[Task requirements] Starting at the line that contains "403 Calon Tamtama", write out each line through the end of the data below, exactly as it stands. Skip any pictures.

----

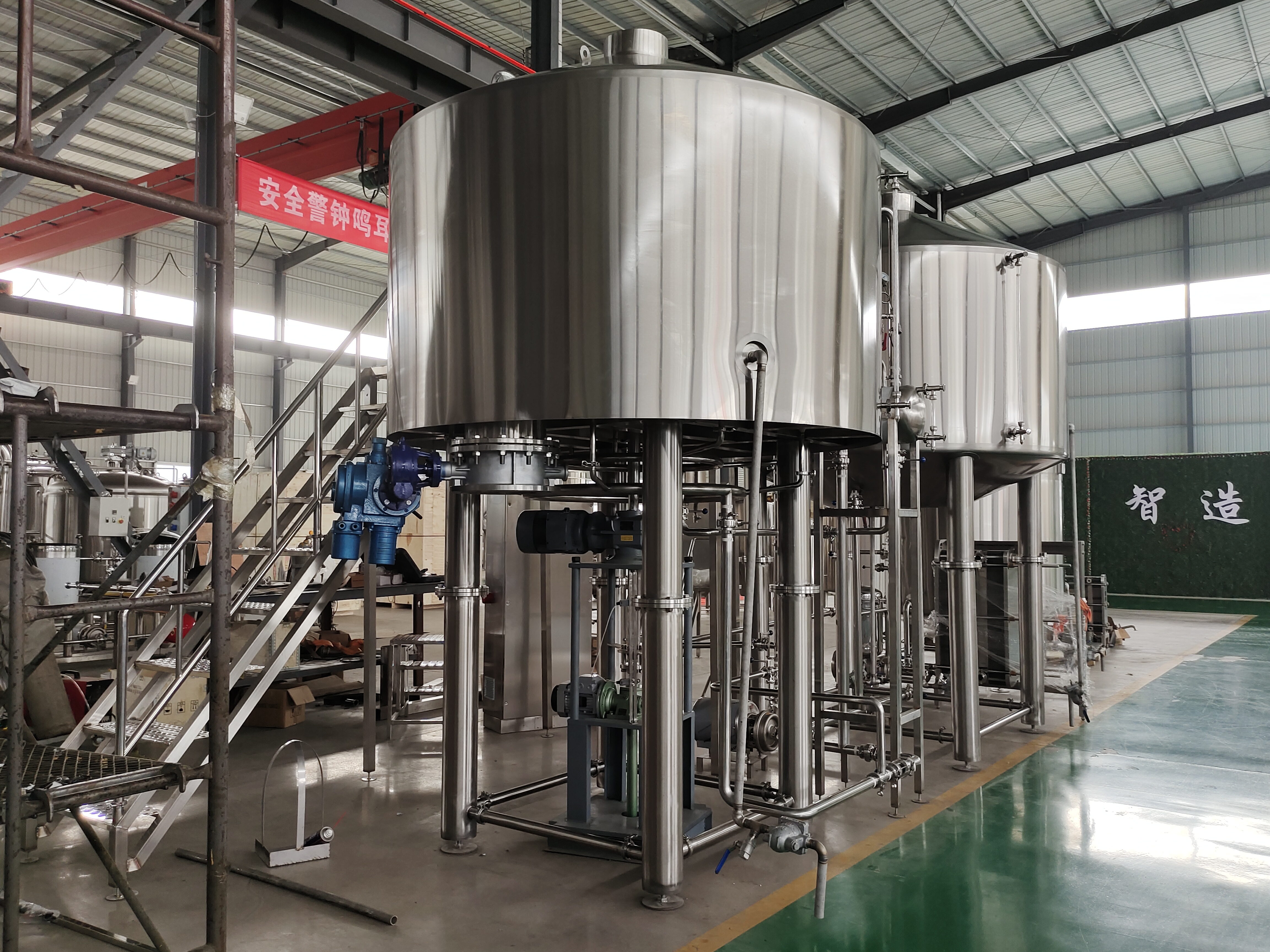 3/5/7 BBL craft pivo pivovara mikropivovara vruća rasprodaja Oprema za pivovaru Tonsen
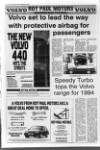 Portadown Times Friday 21 January 1994 Page 34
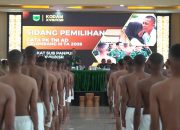 403 Calon Tamtama Ikuti Sidang Sub Panpus TNI AD di Manokwari
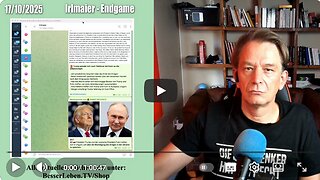 Irlmaier die letzte Prophezeiung 17.10.2025 AAM-Spezial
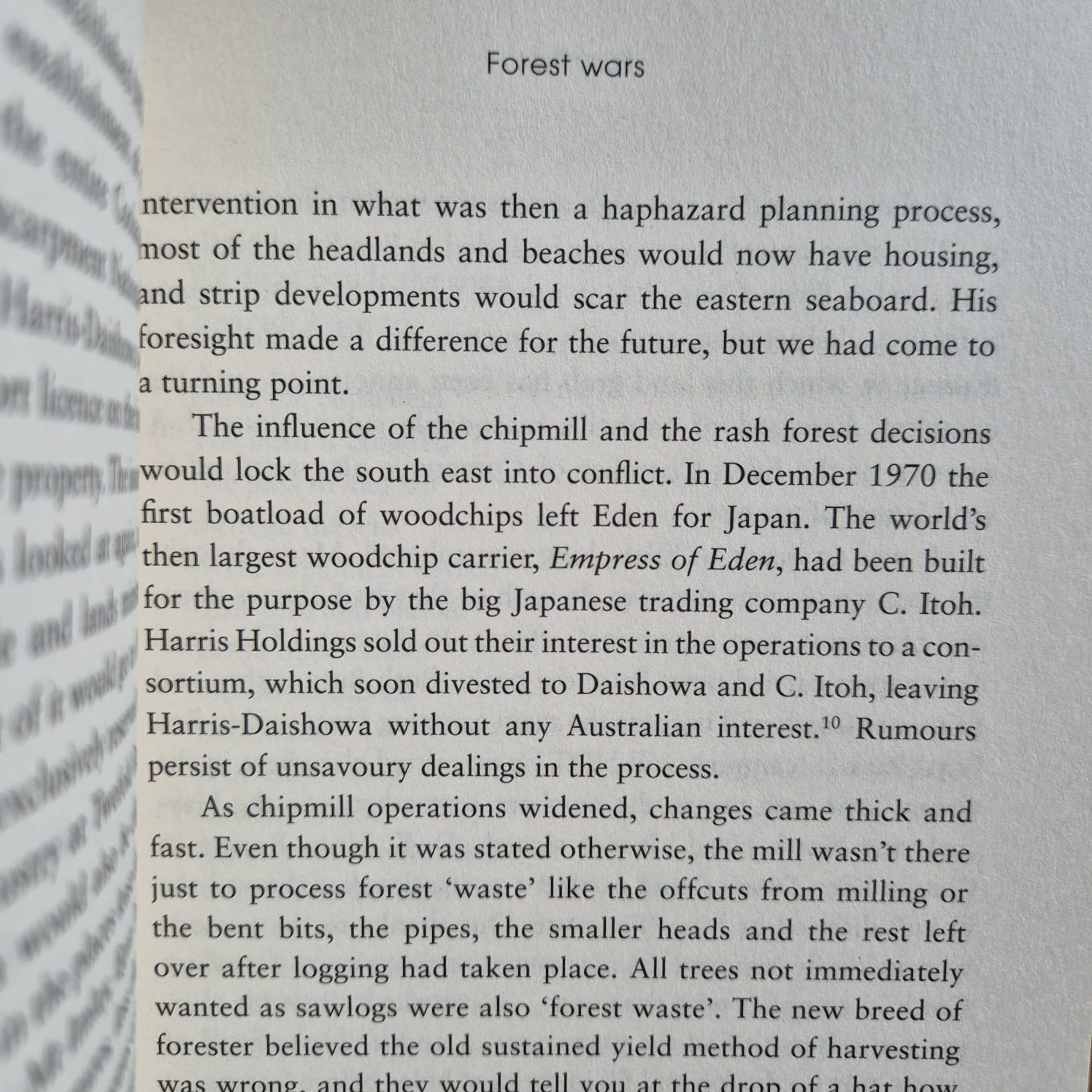 'Wild Nature: Walking Australia's South East Forests' by John Blay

----

[Answer space]
 403 Calon Tamtama Ikuti Sidang Sub Panpus TNI AD di Manokwari
 Irlmaier die letzte Prophezeiung 17.10.2025 AAM-Spezial
 'Wild Nature: Walking Australia's South East Forests' by John Blay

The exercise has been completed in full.